Die in Rede stehenden Anträge, für die Prozesskostenhilfe bewilligt, die Beiordnung jedoch versagt worden ist, betreffen nur die Abrechnung der Lohnansprüche und die Herausgabe verschiedener Arbeitspapiere. Die Durchsetzung dieser Ansprüche bereitete weder in tatsächlicher noch in rechtlicher Hinsicht Probleme. Grundsätzlich hat der Arbeitgeber mit der rechtlichen Beendigung des Arbeitsverhältnisses dem Arbeitnehmer die Arbeitspapiere herauszugeben. Dazu gehört vor allem das Zeugnis (§ 109 GewO, § 630 BGB) und die Lohnsteuerkarte bzw. Lohnsteuerbescheinigung. Nach § 28 a Abs. 5 SGB IV hat der Arbeitgeber zudem dem Beschäftigten den Inhalt der Meldung zur Sozialversicherung schriftlich mitzuteilen. Seinen Anspruch auf Herausgabe der Arbeitspapiere hätte der Kläger ohne weiteres mit Hilfe der Rechtsantragstelle gegenüber dem Beklagten geltend machen können. Auch seinen Abrechnungsanspruch hätte der Kläger auf diesem Wege verfolgen können. Der bloße Anspruch auf Erteilung einer Abrechnung ergibt sich aus § 108 GewO. Danach hat der Arbeitgeber dem Arbeitnehmer bei Zahlung des Arbeitsentgelts eine Abrechnung in Textform zu erteilen. Nach dem Stand der Dinge liefe die Abrechnung auf eine "Null"-Abrechnung hinaus. Denn die Abrechnung bezweckt die Information über die erfolgte Zahlung. Der Kläger übersieht, dass er mit seinem Abrechnungsanspruch, für den er Rechtsanwaltsbeiordnung begehrt, nicht erreichen kann, dass ihm der Beklagte die Informationen liefert, um weitergehende Zahlungsansprüche (Überstundenvergütung, Zuschläge usw.) geltend machen zu können. Denn § 108 GewO regelt keinen selbständigen Abrechnungsanspruch zur Vorbereitung eines Zahlungsanspruchs (BAG 12.07.2006 - 5 AZR 646/05 - AP BGB § 611 Lohnabrechnung Nr. 1). Nicht entscheidend ist, ob die Durchsetzung weiterer Ansprüche gegen den Beklagten problematisch ist und eine Rechtsanwaltsbeiordnung zu begründen vermag.
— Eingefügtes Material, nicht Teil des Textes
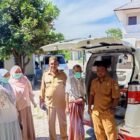 Tim Reaksi Cepat Dinas Sosial Kota Banda Aceh menangani lansia terlantar berinisial YR ±65 tahun asal Tapaktuan yang ditemukan Dishub di Terminal Keudah.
Bei den Anträgen, für die das Arbeitsgericht die Beiordnung versagt hat, handelt es sich jedenfalls um in jeder Hinsicht einfache Angelegenheiten. Dem Vortrag des Klägers ist nicht zu entnehmen, warum er eine darauf gerichtete Klage nicht selbst, ggf. mit Hilfe der Rechtsantragstelle, erheben konnte.

Die Beschwerde ist daher mit der Kostenfolge gemäß § 97 ZPO zurückzuweisen.

Gründe für die Zulassung der Rechtsbeschwerde sind nicht ersichtlich.